Morality and the Tenth Commandment Part Three
The Ninth Commandment: Bearing False Labels
This is a Last Crusade article. If you are not familiar with the Last Crusade, you can find the articles here and here. It is a new movement devoted to Christ, Constitution, Chivalry.
Thou shalt not bear false witness against thy neighbor. (Exodus 20:16)
This is the next instalment in my series of articles investigating how we might view morality differently than it was viewed 150 years ago. To this end, I am examining each of the Ten Commandments to see if our views about what they represent has changed—if we might be accidentally accepting as normal concepts that those who came before us knew to be wrong.
As with Commandment Ten, when I first sat down to consider the Ninth Commandment, I thought: well, that’s pretty obvious. We all know it’s not good to lie about each other, right? I don’t think anything has changed.
Fake news came to mind, as fake news is bearing false witness against our neighbor.
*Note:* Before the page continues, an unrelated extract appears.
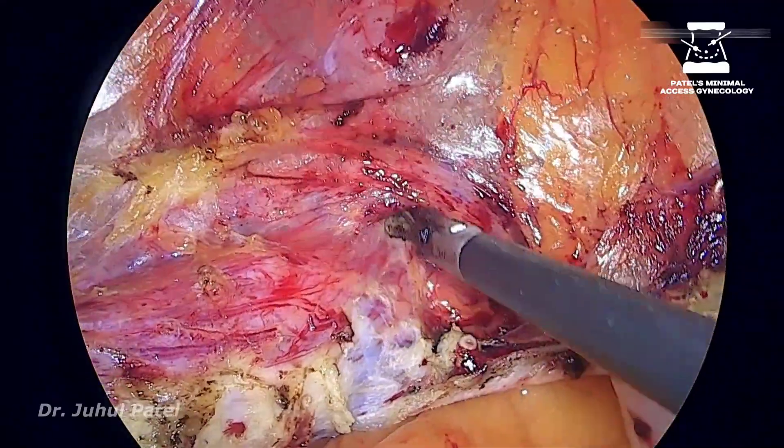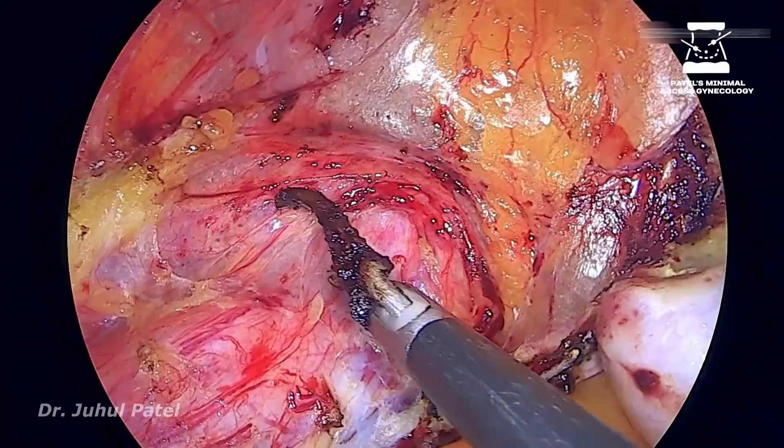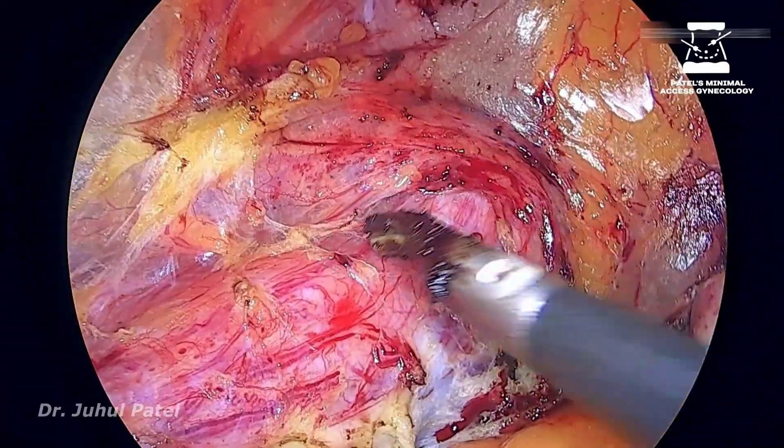As you all can see, this lady has a pretty long cervix. I think she must have had prolonged labour.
But, while we might argue about which news is fake and which is real, I don’t think any of us believes fake news is a good thing.
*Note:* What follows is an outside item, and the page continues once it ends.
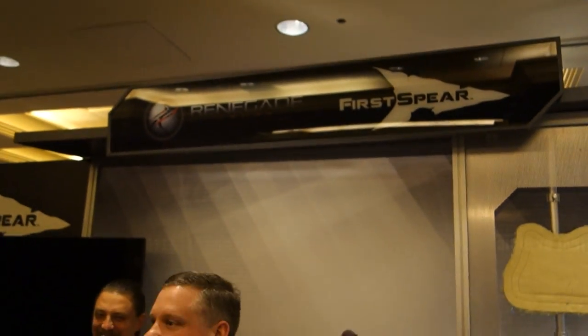We are at First Spear / Renegade Armor at SHOT Show 2013, and you are watching DefenseReview.com.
As I prayed more, however, one thing did come to me—a way in which we regularly bear false witness against each other, and even ourselves, without perhaps realizing it.
A deliberate lie is false witness, but misrepresentation is also false witness. One way of misrepresenting people is to label them.
What is a label?
A label on a can tells us what it in it. A can of corn says: Corn. That is an accurate label, and nothing is missing.
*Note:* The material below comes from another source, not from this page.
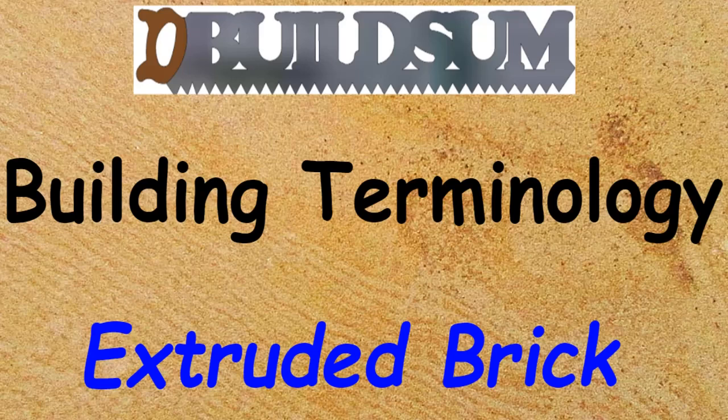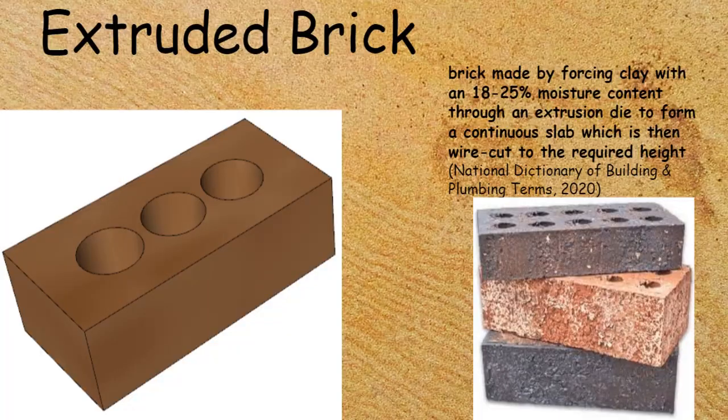This time on building terminology: extruded bricks. An extruded brick is made by forcing clay with an 18 to 25 percent moisture content through an extrusion die.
But if labels help us identify things, why should we avoid them?
Well, if you had a can of corn, and you called it Starch, the label would express only part of what the can contained.
A great deal of the labels we put on people today are like Starch or far, far worse than Starch.
They bear false witness against the “Image and likeness of God.”
Currently, there are three such labels: Political, medical, and personality.
The first kind of label is when you cut off conversation with a person who does not agree with you by calling them a name. Common names for this include: racist, homophobe, cuck, islomophobic, Churcian, bigot, etc.
In reality, there may be people whose actual words and behaviors merit such objections. But that is seldom how these words are being used on social media. More often, these labels are used preemptively, not to correct a real error in thinking but to cut off conversation before it can begin.
“I believe X…”
“YOU ARE A [insert favorite derisive label here].”
This extremely common use of labels isn’t helpful. It does not produce less racists, cucks, or bigots. Instead, it is a power play. It is designed to make one’s opponent quail and go on the defensive. It results either in groveling or in rejection and anger.
Calling names in this manner bears false witness against one’s neighbor.
Medical labels are very popular. All sorts of things that used to be merely a quirk or “well, that’s how he is” now have a name and a ism to go with them.
It used to be that when old Uncle Tad was a bit loony because he did X, he may have been odd, but he was an individual. But nowadays, Uncle Tad is an ism. Instead of looking at people and getting to know their personal quirks, we assign a label. He’s autistic. She’s OCD. He’s ADHD.
The problem with these kind of labels? Two things:
1) Labels of these sorts are meant to help identify problems for the sake of helping the person. But, in reality, often they become short cuts for not paying attention.
When we think we know, we stop noticing. We stop seeing. We assume.
So the label tends to have the result of making those who are suffering less visible.
2) In my church, we make a point of trying not to label people. I have read many testimonies in our periodicals that follow this pattern:
A teacher takes over a class. There is a student with label X. The teacher refuses to see the student as X but rather works to see the student as the “image and likeness of God” as defined in Genesis 1. By the end of the year, the student’s behavior had entirely changed. There was no vestiges left of behavior X.
A human being is not autistic or OCD or AHDH.
Those qualities are not what defines them. A human being is not an illness. A human being is the image and likeness of the One Altogether Lovely—who are merely currently suffering from the condition of…pick your label.
If we speak or think otherwise, we are bearing false witness against our neighbor.
The third type of popular labeling is often self-inflicted. These are personality labels. She’s a Capricorn. He’s INTJ.
Grouping people into personality types in order to help produce more harmonious work groups may have legitimate value.
But when we go beyond that we venture into dangerous territory.
We begin to limit our expectations of what we can do and excuse our shortcomings by explaining that we are an X-type personality, so said shortcoming is part of our package, because X-type people do that.
At this point, we have become like the can of corn labeled Starch.
The many glorious aspects of our being, bestowed upon us by our Creator, are being reduced to a few limited ideas.
Buying into personality labels is bearing false witness against ourselves.